The Seven Years War

The Seven Years war, from 1756-1763, was a conflict that affected many countries including North America. In this essay I will be summarizing the history of the Seven Years War.

The Battle Jumonville Glen 

The Battle of Jumonville Glen( fought on May 28th,1754, in Pennsylvania ), was one of the many skirmishes that set off the Seven Years War. This battle began when George Washington(this was his very first battle), was assigned to protect a fort that was under construction, that the English were building, from hostile French Canadian and Native forces in the area.

A small part of the French or Canadian army, had chased off the construction crew, that were building the fort, the leader of the French forces sent a message warning the English, that the construction was on French territory. But, Washington never received this message 

Washington on the other hand set up an ambush against the French army. The English ambushed the French, under the leadership of Washington. The battle lasted only about fifteen minutes; ten French soldiers were killed and twenty one were captured. Even though the battle was short, the damage was still done to France and England’s relationship.

The Start of the War

Even though the Battle of Jumonville Glen, began the Seven Years War, the actual war was not declared until two years after the skirmish. In 1756, England and France declared war against each other, officially starting the Seven Years War. This war affected not only Europe and North America, but also Central America, India, West Africa, and even the Philippines.

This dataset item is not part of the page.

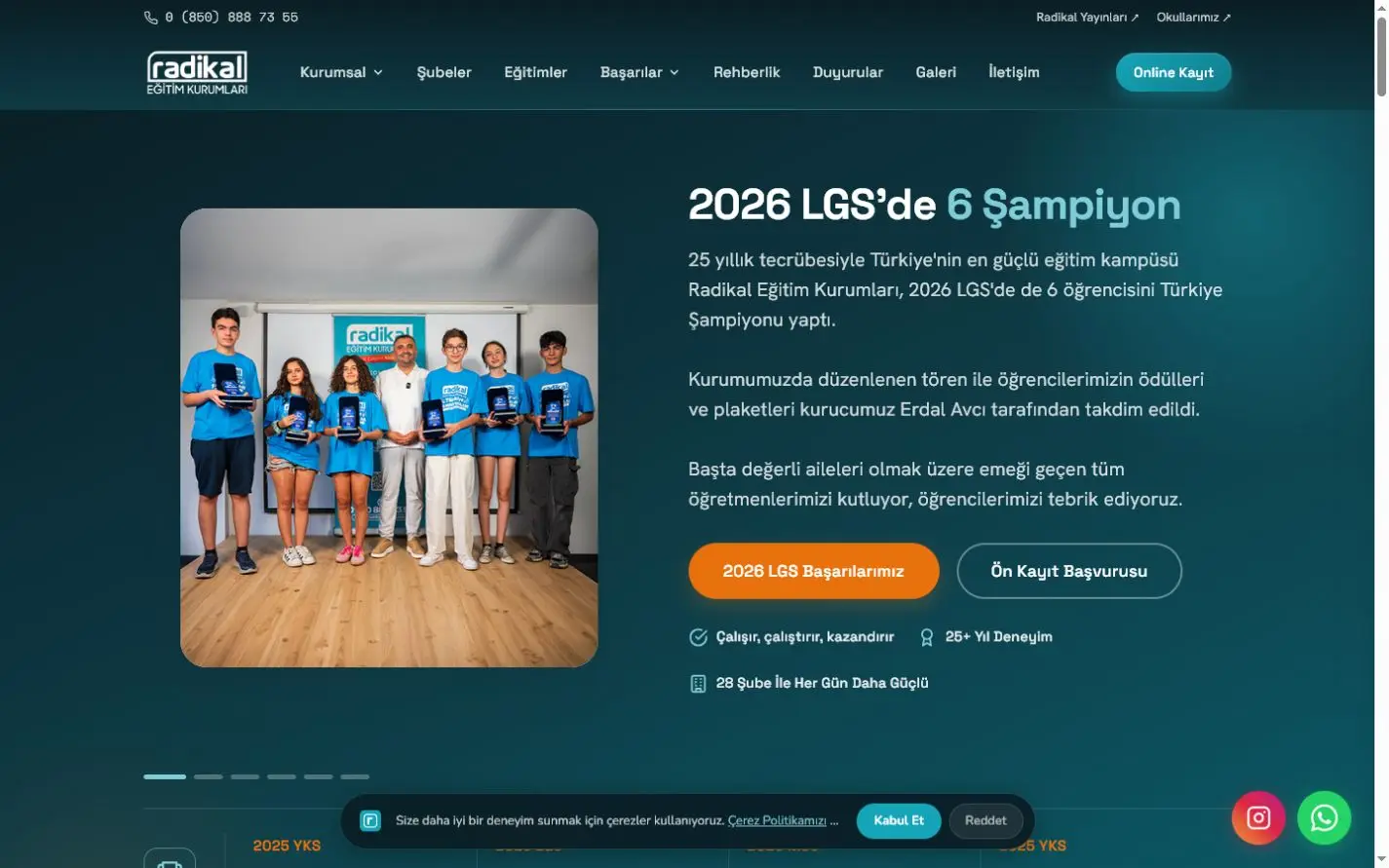 Radikal Eğitim web sitesi masaüstü görünümü
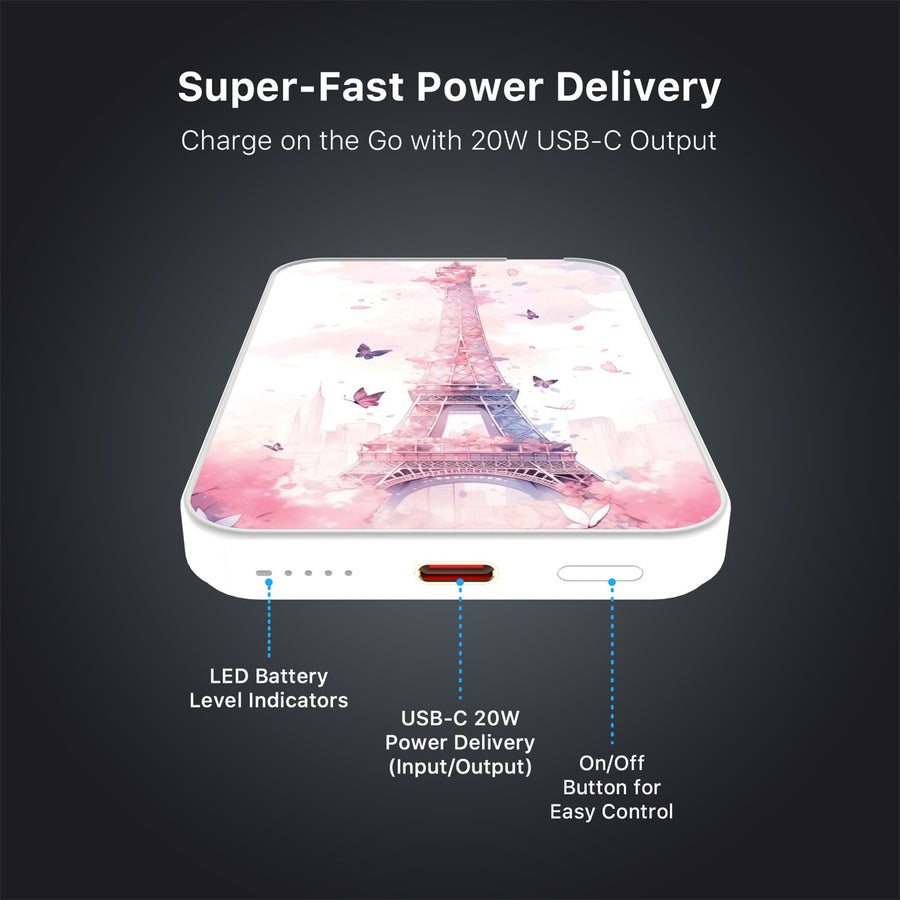 MyBat Design Lab 5000mAh Magnetic Wireless Power Bank - White - Parisian Butterflies - MPBBAT132-WH-182-7.jpg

England and France both had allies from different countries. England’s allies were Prussia and Hanover, and France’s allies were Austria, Sweden, Spain, Russia, and the very small country of Saxony. 

The War In North America

General Braddock of the English arrived in North America in May, 1755, and set out for the Ohio country, to defeat the French. Braddock wanted to conquer the French fort of Duquesne, which was located on the river bank of the Monongahela River. The pace of Braddock’s army was slow through the woods, and Braddock grew impatient, so he sent out one thousand three-hundred men, ahead of the rest of the army.

The French did not have time to ambush the English because of this, but they still would not give up the fort without a good fight. The British on the other hand, were completely disorganized(to the point that they were shooting at each other), and inexperienced, when it came to fighting in a forest. Braddock was badly wounded during the battle, and died a few days later. About eight hundred and seventy eight English soldiers were killed or wounded from this battle.

The English attacked the French a few more times but still remained unsuccessful. France remained dominant for three more years. England finally began getting more successful in 1759, which led them to capturing all of France’s colonies in North America in 1760, which ended further battles and conflict in North America.

The War in Europe and the Rest of the World

Even though the War ended in 1760 in North America, the War continued in the rest of the world for three more years. War outside of North America, was in Europe and in the other European colonies around the world.

The End and Outcome

The War officially ended in 1763 with the Treaty of Paris. The countries of Europe had to give up the captured European territory they gained during the war, back to the countries that those territories originally belonged to, so nothing was really gained when it came to European territory. But the territory outside of Europe was a gain, France gave up “New France” or Quebec Canada and parts of the now United States of America to England, and now the current state of Louisiana to Spain. England gained much North American territory, thanks to the war. 

Conclusion

The Seven Years War affected much of the world, and changed the ownership of “New France” or Quebec. This is my essay on the Seven Years War.